Do Arbitrators Have the Authority to Modify Disciplinary Action Against Employees ?
In Office of the Attorney General v. Council 13, American Federation of State, County & Municipal Employees, AFL-CIO, 577 Pa. 257, 844 A.2d 1217 (2004), an employee of the Office of Attorney General was specifically found by the arbitrator to have committed unbecoming conduct in the nature of use of alcohol while off-duty and operation of an official vehicle while off-duty and while using alcohol.
The arbitrator then found that although the employee committed the misconduct alleged, there was not just cause for termination because of three mitigating circumstances: the employee's long service with the employer, his subsequent rehabilitation and employer's imposition of dissimilar discipline under similar circumstances.
The Court reversed the decision of the arbitrator.

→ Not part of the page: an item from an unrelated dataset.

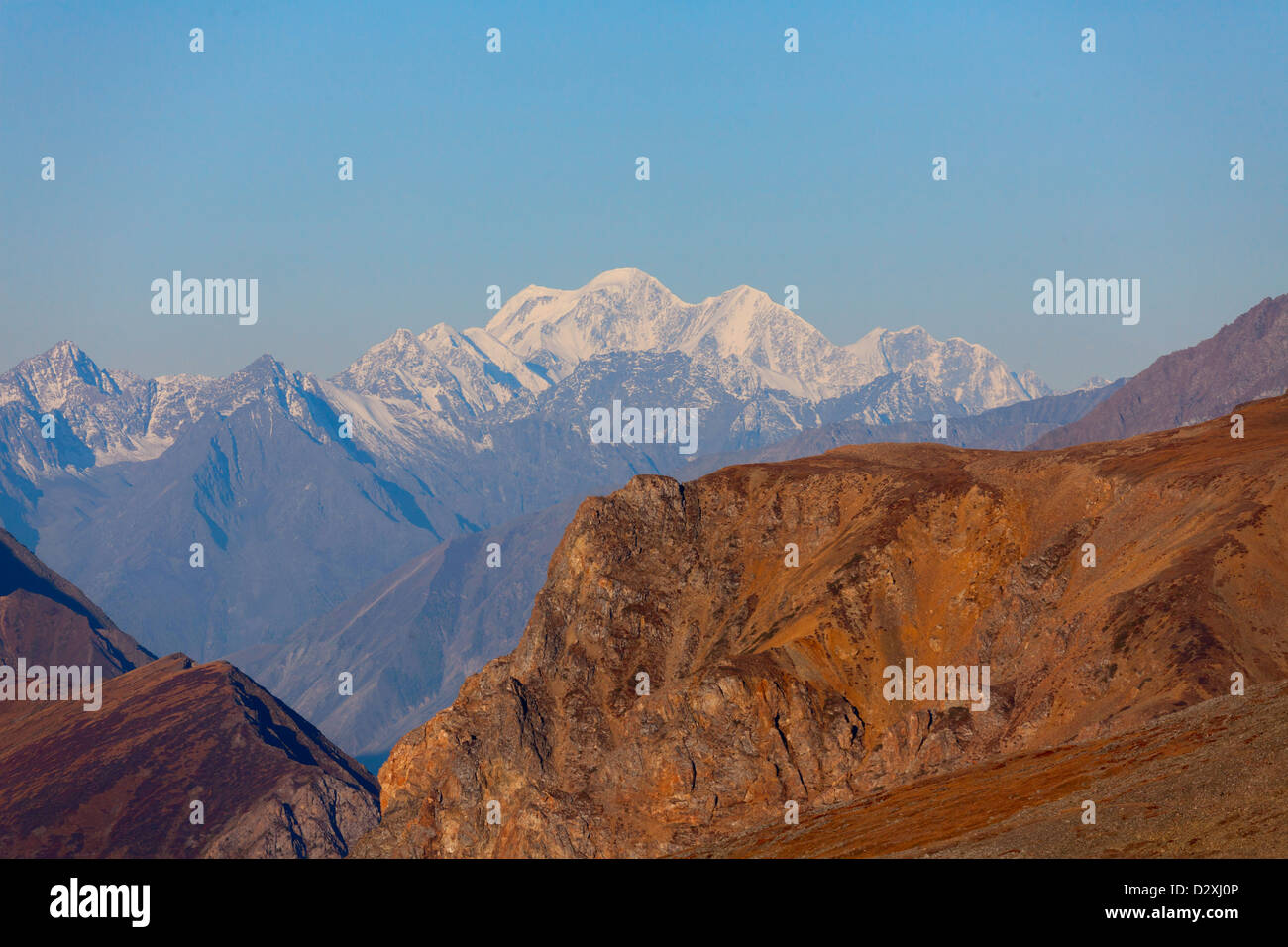 Il picco più alto della gamma della montagna di Altai - Belukha. Tutti e tre i vertici. La vista dalla sella - karagem Foto Stock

In reversing the Commonwealth Court, the Supreme Court rejected this Court's conclusion that once the arbitrator found that the employee had committed the conduct alleged, just cause for discharge was established and the arbitrator did not have the authority to modify the discipline.
The Supreme Court also held that "we do not find that the award, reinstating an officer without back pay for off-duty misconduct has required the governmental employer to bargain away control over core powers that are essential to the proper discharge of the functions for which the governmental entity is responsible. City of Easton." Id. at 273, 844 A.2d at 1227.